Mais je m'aperçois que je passe les
bornes. Lors donc que je fais attention à la longueur de mon discours, je vois
que je me suis étendu outre mesure : mais lorsque je considère cette variété de
sagesse qui brille dans les ouvrages du Tout-Puissant, il me semble que j'ai à
peine commencé mon récit. D'ailleurs, il n'est pas inutile de vous tenir un peu
plus longtemps. Eh ! que feriez-vous jusqu'au soir. Vous n'êtes pas pressés par
des convives, de grands festins ne vous attendent pas. Si donc vous le jugez à
propos, nous userons du jeûne corporel pour réjouir les antes. Vous avez souvent
obéi à la chair pour vous procurer des plaisirs, prêtez-vous aujourd'hui
constamment au service de l’âme. Réjouissez-vous dans le Seigneur, et il vous
accordera ce que votre coeur demande (Ps. 36. 4.). Désirez-vous les richesses ?
Vous avez des richesses spirituelles. Les jugements du Seigneur sont vrais, et
tous également justes.
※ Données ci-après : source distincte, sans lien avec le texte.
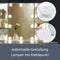 Juskys Eck Schminktisch Nova mit LED Beleuchtung, Spiegel, 5 Schubladen & 3 Ablagen, 100 x 54 x 140 cm, MDF Holz, Weiß, Kosmetiktisch Frisiertisch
Ils sont plus désirables qu'une grande abondance d'or et
de pierres précieuses (Ps. 18. 10.). Aimez-vous la volupté et les délices ? Vous
avez les paroles divines, qui, pour un homme dont le sens spirituel est en bon
état, sont plus douces que les rayons du miel. Si je vous renvoie et si je
dissous l'assemblée, les uns courront aux jeux. Là, sont des blasphèmes, de
violentes disputes, et les aiguillons de l'avarice hi, se trouve le démon
enflammant la fureur par les instruments du jeu ; faisant passer l'argent tantôt
d'un côté, tantôt d'un autre, faisant tour à tour triompher de joie celui qui
était accablé de tristesse, et rougir de honte celui qui était fier de son gain.
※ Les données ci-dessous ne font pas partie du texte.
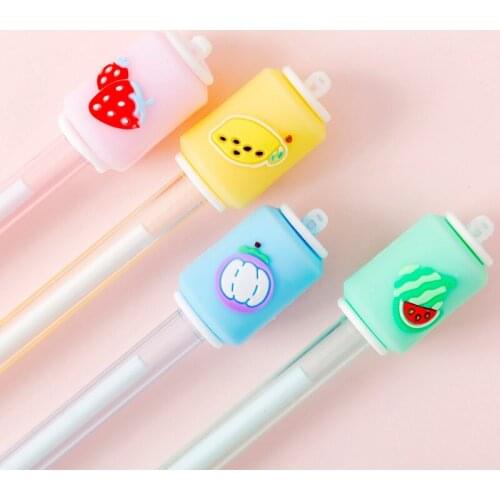 4 Pcs/set Cute Gel Pen Stick 0.5mm School Supplies School Stationery Office Children Gift Tools Transparent Black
A quoi sert que le corps jeûne, si l’âme est remplie de mille maux ? Celui qui
s'interdit le jeu, et qui se livre à l'oisiveté, que de paroles inutiles ne
dit-il pas que de propos déplacés n'entend-il pas ! Le loisir, sans la crainte
de Dieu, est pour ceux qui ne savent pas en user, une occasion de se livrer au
vice. Peut-être donc tirerez-vous quelque avantage de mes discours ; vous en
tirerez du moins celui de ne pas pécher durant le temps où vous serez occupes à
m'entendre. Ainsi plus je vous retiendrai, plus je vous éloignerai de l'occasion
de commettre des fautes. Toutefois un juge équitable trouvera suffisant ce que
nous avons dit, s'il considère, non les richesses de la création, mais la
faiblesse de nos forces, et ce qui doit suffire pour satisfaire des auditeurs
assemblés. La terre vous a présenté les productions de son sein, la mer ses
poissons, l'air ses volatiles : le continent est prêt à vous offrir d'aussi
grandes merveilles. Mais finissons ici le repas du matin, de peur que la satiété
ne vous rende moins propres à goûter le festin du soir. Que celui qui a
perfectionné tous les objets de la création, et qui nous a donné dans tous des
témoignages sensibles de sa puissance merveilleuse, remplisse nos coeurs d'une
joie spirituelle, en Jésus-Christ notre Seigneur, à qui soient la gloire et
l'empire dans les siècles des siècles. Ainsi soit-il.